VoCap is trained in three phases: (i) modality-specific pretraining, (ii) multi-task joint training on diverse datasets (SAV-Caption, VisualGenome, RefCOCO, RefVOS-YTVOS), and (iii) dataset-specific finetuning. The model leverages partial annotations, supporting mask-to-text, text-to-mask, and box-to-text tasks. Training is performed in JAX, with EVA02-L as the visual backbone and a 6-layer BERT for language modules. The multi-task phase utilizes a data mixture ratio to balance captioning and segmentation objectives.

Experimental Results

Video Object Captioning

VoCap establishes a new benchmark for video object captioning, outperforming strong baselines such as SAM2+BLIP2 and SAM2+Gemini pseudo-labeling. On SAV-Caption-val, VoCap achieves 47.8 CIDEr, surpassing SAM2+Gemini (40.5 CIDEr) and image-based models (BLIP2: 21.9 CIDEr, PixelLLM: 35.5 CIDEr). The model demonstrates robustness to small objects and actor bias, consistently describing the tracked object.

Localized Image Captioning

On VisualGenome, VoCap achieves 163 CIDEr, outperforming GRiT (142), PixelLLM (149), and SCA (150), demonstrating its generalization to image-level tasks with box prompts.

Video Object Segmentation

VoCap matches or exceeds state-of-the-art performance in semi-supervised (SS-VOS) and referring expression (RefVOS) video object segmentation. On YTVOS 2018, VoCap achieves 85.0 J&F, matching SAM2 and outperforming UniRef++ (83.2) and GLEE (80.4). On MOSE (zero-shot), VoCap yields 66.3 J&F, significantly higher than UniRef++ (59.0) and GLEE (56.1). For RefVOS, VoCap + FindTrack achieves top results across all datasets, with notable improvements on MeViS (+4.8%), RefVOS-YTVOS (+0.9%), RefVOS-DAVIS (+0.5%), and UVO-VLN (+16.5%).

Ablation Studies

Ablation on SAV-Caption training data reveals its critical role: removing SAV-Caption reduces captioning performance from 47.8 to 27.4 CIDEr and segmentation from 75.5 to 57.7 J&F. The synergy between captioning and segmentation tasks is evident, with joint training improving both modalities.

Qualitative Analysis

VoCap demonstrates superior object tracking and captioning, especially for small objects and in the presence of nearby actors. Gemini-based pseudo-labeling often misattributes actions or fails on small objects, while VoCap maintains object-centric descriptions.

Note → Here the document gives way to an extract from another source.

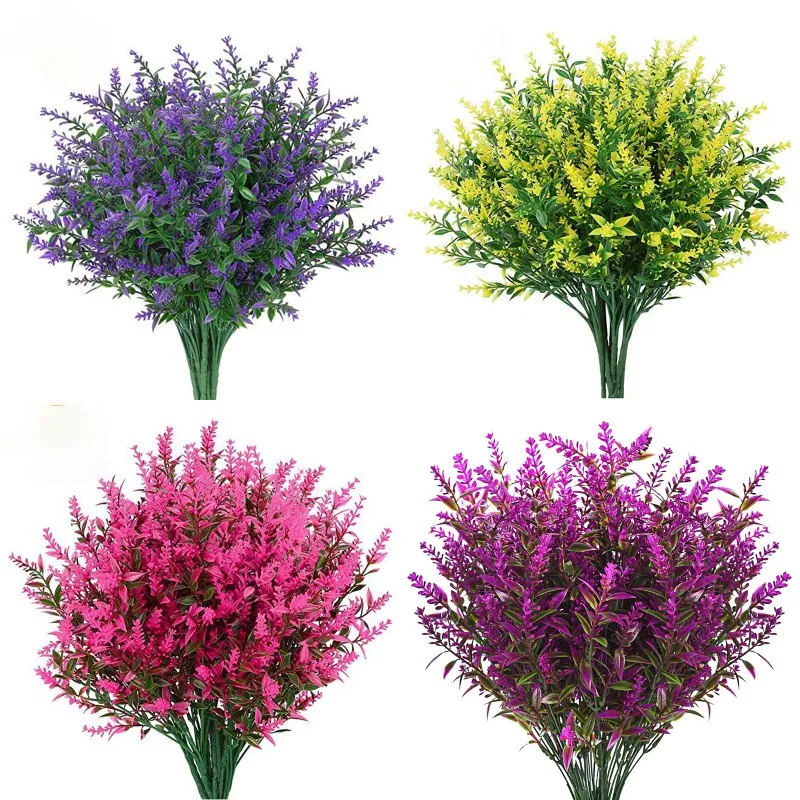 Fiori di lavanda artificiali Viola Verde Yelloe Bianco Rosso Lavande di plastica Giardino di casa Portico Matrimonio Baby Shower Decorazioni per feste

Figure 3: Qualitative comparison showing VoCap's accurate object-centric captions versus Gemini's actor-biased or incorrect outputs.

Implications and Future Directions

VoCap's unified framework for promptable video object segmentation and captioning advances fine-grained spatio-temporal video understanding. The scalable pseudo-labeling pipeline addresses data bottlenecks, enabling large-scale training. The model's flexibility in input/output modalities and strong performance across tasks suggest applicability in video editing, autonomous systems, and wildlife monitoring. Future work may explore further scaling, integration with more expressive LLMs, and extension to multi-object and relational captioning.

Conclusion

VoCap presents a unified, promptable model for video object segmentation and captioning, leveraging large-scale pseudo-labeled data and multi-task training. It achieves state-of-the-art results in referring expression segmentation and competitive performance in semi-supervised segmentation and captioning. The framework and dataset provide a foundation for future research in fine-grained video understanding.